> **WHAT THE EXERCISE ASKS**:
Starting with the line that mentions "vMix Pro Free Download", repeat each line verbatim until the entries end, both ends included.

> **Stored data**:
------------------------------------------------------------

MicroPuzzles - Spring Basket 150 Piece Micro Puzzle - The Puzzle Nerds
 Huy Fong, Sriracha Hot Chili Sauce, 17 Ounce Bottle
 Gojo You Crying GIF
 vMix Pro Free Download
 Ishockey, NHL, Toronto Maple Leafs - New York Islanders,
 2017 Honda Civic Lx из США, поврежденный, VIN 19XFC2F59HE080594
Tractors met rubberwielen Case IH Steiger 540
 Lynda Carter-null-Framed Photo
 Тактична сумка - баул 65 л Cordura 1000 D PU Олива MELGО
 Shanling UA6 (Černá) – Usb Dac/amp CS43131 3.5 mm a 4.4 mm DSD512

------------------------------------------------------------

> **ANSWER TO THIS TASK**:
 vMix Pro Free Download
 Ishockey, NHL, Toronto Maple Leafs - New York Islanders,
 2017 Honda Civic Lx из США, поврежденный, VIN 19XFC2F59HE080594
Tractors met rubberwielen Case IH Steiger 540
 Lynda Carter-null-Framed Photo
 Тактична сумка - баул 65 л Cordura 1000 D PU Олива MELGО
 Shanling UA6 (Černá) – Usb Dac/amp CS43131 3.5 mm a 4.4 mm DSD512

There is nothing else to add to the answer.